<5 points>
| Total points | Explanation |
|---|---|
| 0 | Not handed in |
| 1 | Handed in late |
| 2 | Handed in on time, not every problem fully worked through and clearly identifying the solution |
| 3 | Handed in on time, each problem answered a boxed answer, each problems answered with a clearly worked through solution, and less than majority of problems answered correctly |
| 4 | Handed in on time, majority of problems answered correctly, each solution boxed clearly, and each problem fully worked through |
| 5 | Handed in on time, every problem answered correctly, every solution boxed clearly, and every problem fully worked through. |
Reading links are stored on our course’s Teams instance. Chapter 2, sections 2.1-2.6 of our textbook
§ means “section,” and §§ means “sections”
For the C statement,
f = g + (h – 5);
what is the corresponding MIPS assembly code? Assume that the C variables f, g, and h, have already been placed in registers $s0, $s1, and $s2, respectively. Use a minimal number of MIPS assembly instructions.
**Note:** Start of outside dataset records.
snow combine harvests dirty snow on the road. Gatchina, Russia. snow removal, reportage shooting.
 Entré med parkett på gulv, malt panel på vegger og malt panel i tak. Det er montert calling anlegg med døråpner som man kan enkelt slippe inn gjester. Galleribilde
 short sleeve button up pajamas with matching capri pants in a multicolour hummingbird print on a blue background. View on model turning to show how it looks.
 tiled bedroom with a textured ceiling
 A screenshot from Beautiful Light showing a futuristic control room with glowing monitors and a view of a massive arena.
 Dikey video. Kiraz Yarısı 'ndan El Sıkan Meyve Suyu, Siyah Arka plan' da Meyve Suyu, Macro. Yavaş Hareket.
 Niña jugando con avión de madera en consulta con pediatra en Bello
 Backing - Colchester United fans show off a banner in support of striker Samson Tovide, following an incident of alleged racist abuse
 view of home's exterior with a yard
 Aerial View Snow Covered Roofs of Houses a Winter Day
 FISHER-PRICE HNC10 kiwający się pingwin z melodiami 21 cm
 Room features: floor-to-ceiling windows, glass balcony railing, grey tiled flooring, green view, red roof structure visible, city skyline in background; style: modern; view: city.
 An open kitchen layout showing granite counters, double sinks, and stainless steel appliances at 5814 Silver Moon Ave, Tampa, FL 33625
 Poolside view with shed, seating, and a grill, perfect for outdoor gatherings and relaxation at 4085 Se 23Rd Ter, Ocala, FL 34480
Translate the following MIPS code to C. Assume that the variables f, g, h, i, and j are assigned to registers $s0, $s1, $s2, $s3, and $s4, respectively. Assume that the base address of the arrays A and B are in registers $s6 and $s7, respectively.
addi $t0, $s6, 4
add $t1, $s6, $0
sw $t1, 0($t0)
lw $t0, 0($t0)
add $s0, $t1, $t0
For each MIPS instruction in Problem #2 above, show the value of the opcode (op), source register (rs) and funct field, and destination register (rd) fields. For the I-type instructions, show the value of the immediate field, and for the R-type instructions, show the value of the second source register (rt). Show as a table with the following columns: instruction, type, opcode, rs, rt, rd, immed.